Charles Spurgeon on the need for courage and sacrifice in the midst of theological controversy:
The well-known story of Arnold you Winkelried occurs to us as admirably illustrating our present position. The tale shall be told, and then we will append its moral. The Austrian duke, determined to make vassals of the Swiss cantons, had marched an army of well-armed knights and nobles to attack the city of Lucerne, against which the giant Swiss could only send into the field a few ill-accoutered warriors. Armor was scarce among the Swiss; some had only boards fastened on their arms by way of shields, some had halberts which had been used by their sires at the battle of Morgarten, and others wielded two-handed swords and battle-axes; they formed themselves into a wedge, and strove with useless valor to break the bristling line of spears presented by the Austrian knights, whose gay shields and polished impenetrable armor stood like a glittering wall quite out of the Switzer’s reach. Nothing availed against the Austrian phalanx, while death thinned the ranks of the patriots. It was a moment when some unusual deed was needed, and the deed was done. Winkelried saw at a glance the only means of saving his country, and promptly made himself a sacrifice to secure her liberties. Sir Walter Scott, in a worthy translation of the poem of Albert Tchudi, sings of the hero’s valiant self-sacrifice : —
“‘I have a virtuous wife at home,
A wife and infant son
I leave them to my country’s care,—
This field shall soon be won.
These nobles lay their spears right thick,
And keep full firm array,
Yet shall my charge their order break,
And make my brethren way.’
He rush’d against the Austrian band
In desperate career,
And with his body, breast, and hand,
Bore down each hostile spear.
Four lances splinter’d on his crest,
Six shiver’d in his side;
Still on the serried files he press’d —
He broke their ranks, and died.
This patriot’s self-devoted deed
First tamed the Lion’s mood,
And the four forest cantons freed
From thraldom by his blood.
Right where his charge had made a lane,
His valiant comrades burst,
With sword, and ax, and partisan,
And hack, and stab, and thrust.”
When fairly mingled in the fray, the unwieldy length of their weapons and cumbrous weight of their defensive armor rendered the Austrian men-at-arms a very unequal match for the valiant mountaineers, and the liberties of Switzerland were secured by the slaughter of her foes.

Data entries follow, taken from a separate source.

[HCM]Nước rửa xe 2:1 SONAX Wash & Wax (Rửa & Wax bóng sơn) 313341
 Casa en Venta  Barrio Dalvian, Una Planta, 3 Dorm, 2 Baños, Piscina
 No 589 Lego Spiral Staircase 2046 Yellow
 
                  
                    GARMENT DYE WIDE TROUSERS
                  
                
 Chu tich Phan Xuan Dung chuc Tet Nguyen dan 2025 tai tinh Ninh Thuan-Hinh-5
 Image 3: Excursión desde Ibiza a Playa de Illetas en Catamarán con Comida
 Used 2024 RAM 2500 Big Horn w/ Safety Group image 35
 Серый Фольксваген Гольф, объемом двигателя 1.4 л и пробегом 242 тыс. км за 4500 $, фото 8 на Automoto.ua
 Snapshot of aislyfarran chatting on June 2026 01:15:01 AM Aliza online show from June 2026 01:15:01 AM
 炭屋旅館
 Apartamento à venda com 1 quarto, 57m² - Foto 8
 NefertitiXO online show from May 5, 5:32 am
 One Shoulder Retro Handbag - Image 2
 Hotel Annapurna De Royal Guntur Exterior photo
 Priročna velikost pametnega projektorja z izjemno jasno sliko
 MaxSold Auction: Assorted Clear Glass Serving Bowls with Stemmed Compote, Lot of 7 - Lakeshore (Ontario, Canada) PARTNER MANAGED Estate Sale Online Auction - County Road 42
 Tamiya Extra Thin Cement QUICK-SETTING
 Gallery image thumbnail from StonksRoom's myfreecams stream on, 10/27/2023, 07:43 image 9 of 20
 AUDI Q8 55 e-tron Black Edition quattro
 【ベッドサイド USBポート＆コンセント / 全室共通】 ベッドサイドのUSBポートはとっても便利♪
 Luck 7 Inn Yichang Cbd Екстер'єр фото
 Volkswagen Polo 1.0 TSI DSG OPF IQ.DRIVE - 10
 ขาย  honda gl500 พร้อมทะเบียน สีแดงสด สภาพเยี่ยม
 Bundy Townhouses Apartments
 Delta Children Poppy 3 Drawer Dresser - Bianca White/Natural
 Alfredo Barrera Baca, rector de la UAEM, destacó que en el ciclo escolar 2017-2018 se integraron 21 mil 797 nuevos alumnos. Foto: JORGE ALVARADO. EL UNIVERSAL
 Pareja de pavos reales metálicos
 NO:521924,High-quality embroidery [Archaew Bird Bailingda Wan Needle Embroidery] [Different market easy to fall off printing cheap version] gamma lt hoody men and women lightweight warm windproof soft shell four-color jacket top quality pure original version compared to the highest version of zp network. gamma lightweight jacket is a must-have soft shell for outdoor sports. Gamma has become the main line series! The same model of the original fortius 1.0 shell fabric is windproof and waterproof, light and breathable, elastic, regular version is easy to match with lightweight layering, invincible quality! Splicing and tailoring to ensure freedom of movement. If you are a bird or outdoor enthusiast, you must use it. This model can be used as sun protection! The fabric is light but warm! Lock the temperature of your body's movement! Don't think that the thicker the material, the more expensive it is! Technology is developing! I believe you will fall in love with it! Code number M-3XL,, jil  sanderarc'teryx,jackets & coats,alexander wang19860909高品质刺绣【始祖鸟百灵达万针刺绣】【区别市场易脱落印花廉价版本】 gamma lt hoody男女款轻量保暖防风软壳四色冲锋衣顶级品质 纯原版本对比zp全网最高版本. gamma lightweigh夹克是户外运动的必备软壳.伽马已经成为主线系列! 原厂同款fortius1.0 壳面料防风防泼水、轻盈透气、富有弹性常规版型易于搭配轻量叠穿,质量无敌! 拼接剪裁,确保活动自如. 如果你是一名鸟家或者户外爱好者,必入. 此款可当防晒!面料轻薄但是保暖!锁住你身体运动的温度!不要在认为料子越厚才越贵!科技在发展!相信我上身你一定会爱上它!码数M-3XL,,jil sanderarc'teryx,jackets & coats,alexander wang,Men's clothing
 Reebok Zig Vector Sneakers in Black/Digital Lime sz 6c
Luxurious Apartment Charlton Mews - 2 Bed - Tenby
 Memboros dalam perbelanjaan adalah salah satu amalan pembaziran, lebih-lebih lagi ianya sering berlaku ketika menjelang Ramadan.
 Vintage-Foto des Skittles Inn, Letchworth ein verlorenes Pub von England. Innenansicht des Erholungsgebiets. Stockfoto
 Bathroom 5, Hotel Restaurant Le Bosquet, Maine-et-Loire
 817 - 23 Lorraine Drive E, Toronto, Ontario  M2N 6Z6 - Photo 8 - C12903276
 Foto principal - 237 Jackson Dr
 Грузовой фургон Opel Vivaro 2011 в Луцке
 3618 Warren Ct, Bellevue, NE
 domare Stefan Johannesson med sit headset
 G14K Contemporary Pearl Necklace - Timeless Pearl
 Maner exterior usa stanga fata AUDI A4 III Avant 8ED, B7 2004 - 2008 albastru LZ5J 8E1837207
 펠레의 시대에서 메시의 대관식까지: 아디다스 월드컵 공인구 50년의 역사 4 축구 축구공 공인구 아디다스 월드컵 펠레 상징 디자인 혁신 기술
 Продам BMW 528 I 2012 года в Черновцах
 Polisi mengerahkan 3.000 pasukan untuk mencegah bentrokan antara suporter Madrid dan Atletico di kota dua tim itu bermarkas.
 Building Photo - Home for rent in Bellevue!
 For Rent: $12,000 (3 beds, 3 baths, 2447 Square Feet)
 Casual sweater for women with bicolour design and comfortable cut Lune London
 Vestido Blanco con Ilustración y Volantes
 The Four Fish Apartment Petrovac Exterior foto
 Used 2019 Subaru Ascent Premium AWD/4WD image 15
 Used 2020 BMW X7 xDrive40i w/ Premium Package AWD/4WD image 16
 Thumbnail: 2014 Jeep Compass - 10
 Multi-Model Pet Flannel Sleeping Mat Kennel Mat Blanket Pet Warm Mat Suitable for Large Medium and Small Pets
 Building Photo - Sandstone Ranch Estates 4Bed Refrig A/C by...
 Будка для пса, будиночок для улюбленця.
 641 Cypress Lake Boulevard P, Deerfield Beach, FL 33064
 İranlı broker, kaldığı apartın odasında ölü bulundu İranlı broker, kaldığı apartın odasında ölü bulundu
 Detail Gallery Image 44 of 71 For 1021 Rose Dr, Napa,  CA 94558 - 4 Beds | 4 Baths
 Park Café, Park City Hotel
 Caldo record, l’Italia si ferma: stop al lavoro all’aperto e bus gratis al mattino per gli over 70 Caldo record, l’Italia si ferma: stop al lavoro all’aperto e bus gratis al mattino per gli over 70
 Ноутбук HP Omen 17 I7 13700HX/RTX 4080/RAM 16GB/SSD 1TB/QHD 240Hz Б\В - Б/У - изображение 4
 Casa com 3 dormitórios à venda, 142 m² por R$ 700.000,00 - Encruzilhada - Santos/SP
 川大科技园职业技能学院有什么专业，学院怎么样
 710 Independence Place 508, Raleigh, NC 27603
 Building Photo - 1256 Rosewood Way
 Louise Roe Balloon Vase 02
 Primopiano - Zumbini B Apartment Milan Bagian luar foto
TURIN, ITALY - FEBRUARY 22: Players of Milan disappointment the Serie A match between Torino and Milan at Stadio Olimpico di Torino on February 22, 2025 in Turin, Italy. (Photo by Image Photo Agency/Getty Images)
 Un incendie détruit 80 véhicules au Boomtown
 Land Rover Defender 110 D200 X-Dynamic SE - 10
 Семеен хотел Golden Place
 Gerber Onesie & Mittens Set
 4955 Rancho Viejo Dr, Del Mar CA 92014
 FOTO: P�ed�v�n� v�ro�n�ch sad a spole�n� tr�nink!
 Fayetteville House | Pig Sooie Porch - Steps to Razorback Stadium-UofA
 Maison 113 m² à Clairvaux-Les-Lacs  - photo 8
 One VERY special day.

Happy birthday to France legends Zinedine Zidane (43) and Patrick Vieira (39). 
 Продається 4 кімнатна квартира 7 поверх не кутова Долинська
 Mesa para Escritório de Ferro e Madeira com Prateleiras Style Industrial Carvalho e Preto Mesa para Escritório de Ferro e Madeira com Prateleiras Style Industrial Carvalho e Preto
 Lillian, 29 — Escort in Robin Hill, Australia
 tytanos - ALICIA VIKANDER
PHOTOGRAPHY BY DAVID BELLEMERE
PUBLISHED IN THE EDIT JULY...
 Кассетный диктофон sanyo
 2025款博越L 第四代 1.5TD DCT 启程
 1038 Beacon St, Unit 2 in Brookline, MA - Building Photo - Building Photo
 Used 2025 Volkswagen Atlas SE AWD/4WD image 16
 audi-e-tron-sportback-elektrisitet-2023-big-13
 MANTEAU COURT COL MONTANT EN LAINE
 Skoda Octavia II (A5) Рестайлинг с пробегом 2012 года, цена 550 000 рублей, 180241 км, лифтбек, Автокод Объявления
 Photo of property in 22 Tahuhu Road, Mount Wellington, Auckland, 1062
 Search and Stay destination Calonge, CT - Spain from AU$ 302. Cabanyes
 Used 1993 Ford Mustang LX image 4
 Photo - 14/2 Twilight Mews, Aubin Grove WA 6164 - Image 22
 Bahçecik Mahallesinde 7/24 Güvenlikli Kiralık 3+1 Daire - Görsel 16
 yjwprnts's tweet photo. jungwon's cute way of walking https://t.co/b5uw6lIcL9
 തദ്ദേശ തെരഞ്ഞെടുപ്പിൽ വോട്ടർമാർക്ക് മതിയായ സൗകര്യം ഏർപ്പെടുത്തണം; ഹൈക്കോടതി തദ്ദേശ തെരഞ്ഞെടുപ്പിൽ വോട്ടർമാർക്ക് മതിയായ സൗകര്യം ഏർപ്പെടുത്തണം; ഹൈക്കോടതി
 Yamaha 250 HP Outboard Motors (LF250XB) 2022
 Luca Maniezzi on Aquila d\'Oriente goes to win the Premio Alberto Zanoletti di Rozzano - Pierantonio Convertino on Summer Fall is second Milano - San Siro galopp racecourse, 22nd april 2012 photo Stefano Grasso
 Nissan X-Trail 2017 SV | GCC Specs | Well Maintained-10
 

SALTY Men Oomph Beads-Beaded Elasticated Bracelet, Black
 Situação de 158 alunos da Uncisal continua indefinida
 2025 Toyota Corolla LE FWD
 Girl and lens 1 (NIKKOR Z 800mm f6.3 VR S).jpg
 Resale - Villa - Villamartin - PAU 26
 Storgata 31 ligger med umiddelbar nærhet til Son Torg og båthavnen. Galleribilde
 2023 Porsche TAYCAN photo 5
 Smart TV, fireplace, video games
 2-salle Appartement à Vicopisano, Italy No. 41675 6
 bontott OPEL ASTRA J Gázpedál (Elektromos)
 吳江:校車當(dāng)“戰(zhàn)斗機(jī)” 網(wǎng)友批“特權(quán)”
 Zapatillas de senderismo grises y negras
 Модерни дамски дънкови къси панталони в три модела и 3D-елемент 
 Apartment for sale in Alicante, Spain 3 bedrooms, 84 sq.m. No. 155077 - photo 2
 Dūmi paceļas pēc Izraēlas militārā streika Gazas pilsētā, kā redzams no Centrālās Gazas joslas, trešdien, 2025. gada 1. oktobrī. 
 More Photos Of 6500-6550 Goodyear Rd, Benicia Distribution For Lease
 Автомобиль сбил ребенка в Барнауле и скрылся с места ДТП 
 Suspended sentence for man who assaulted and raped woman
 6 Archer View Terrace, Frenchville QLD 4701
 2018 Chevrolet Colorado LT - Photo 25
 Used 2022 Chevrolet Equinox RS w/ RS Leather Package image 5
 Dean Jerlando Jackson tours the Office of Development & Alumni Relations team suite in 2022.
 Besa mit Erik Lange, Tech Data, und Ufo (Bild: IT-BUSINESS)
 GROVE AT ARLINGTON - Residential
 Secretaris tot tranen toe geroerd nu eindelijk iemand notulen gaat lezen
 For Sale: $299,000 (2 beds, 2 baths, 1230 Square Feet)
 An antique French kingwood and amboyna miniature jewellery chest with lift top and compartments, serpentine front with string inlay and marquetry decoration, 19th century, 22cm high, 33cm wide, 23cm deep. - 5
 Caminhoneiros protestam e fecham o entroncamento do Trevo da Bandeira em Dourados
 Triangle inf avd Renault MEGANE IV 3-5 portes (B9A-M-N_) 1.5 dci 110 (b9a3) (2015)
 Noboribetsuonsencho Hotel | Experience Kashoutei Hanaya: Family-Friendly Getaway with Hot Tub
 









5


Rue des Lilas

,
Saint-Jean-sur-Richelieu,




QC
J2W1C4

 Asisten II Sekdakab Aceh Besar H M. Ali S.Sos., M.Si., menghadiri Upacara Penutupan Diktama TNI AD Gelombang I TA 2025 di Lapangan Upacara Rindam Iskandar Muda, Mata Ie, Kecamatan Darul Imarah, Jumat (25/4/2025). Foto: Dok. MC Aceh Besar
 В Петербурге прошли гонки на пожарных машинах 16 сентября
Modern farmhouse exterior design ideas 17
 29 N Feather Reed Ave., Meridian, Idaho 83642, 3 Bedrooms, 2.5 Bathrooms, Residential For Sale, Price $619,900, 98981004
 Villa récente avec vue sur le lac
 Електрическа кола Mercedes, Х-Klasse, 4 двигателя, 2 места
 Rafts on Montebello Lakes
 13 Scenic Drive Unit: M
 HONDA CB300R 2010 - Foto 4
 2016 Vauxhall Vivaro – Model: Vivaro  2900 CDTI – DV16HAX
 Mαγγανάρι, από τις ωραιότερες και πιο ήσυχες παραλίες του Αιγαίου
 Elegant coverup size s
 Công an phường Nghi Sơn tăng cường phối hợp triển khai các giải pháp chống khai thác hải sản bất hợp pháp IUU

All great movements need the entire self-sacrifice of some one man who, careless of consequences, will throw himself upon the spears of the enemy. Providence has usually raised up such a one just when he was, needed, and we may look for such a person to come suddenly to the front now. Meanwhile, is there not a man of the sort to be found in our churches? We believe there are many, and to aid in identifying them we will sketch the man required. He must be simple-minded, outspoken, bold and fearless of consequences. To him courage must be instead of prudence, and faith instead of policy. He must be prepared to be apparently despised and really hated, because intensely dreaded. He must reckon upon having every sentence he utters distorted, and every action misrepresented, but in this he must rejoice so long as his blows tell and his utterances win a hearing. Ease, reputation, comfort, he must renounce, and be content so long as he lives to dwell without the world’s camp. Standing at the point of the wedge he must be ambitious to bury as many spears as possible in his own bosom that others may win the victory. Now who is the man who should naturally take up this position? Who in our churches is most called to it? Is it not the minister of Christ? Who should lead the van of the Lord’s host but the preacher of the Word? In our measure, such being our calling, we are willing so to act as the Lord may enable us, for such is well becoming in a soldier of Jesus Christ.
From The Sword and the Trowel, August 1866.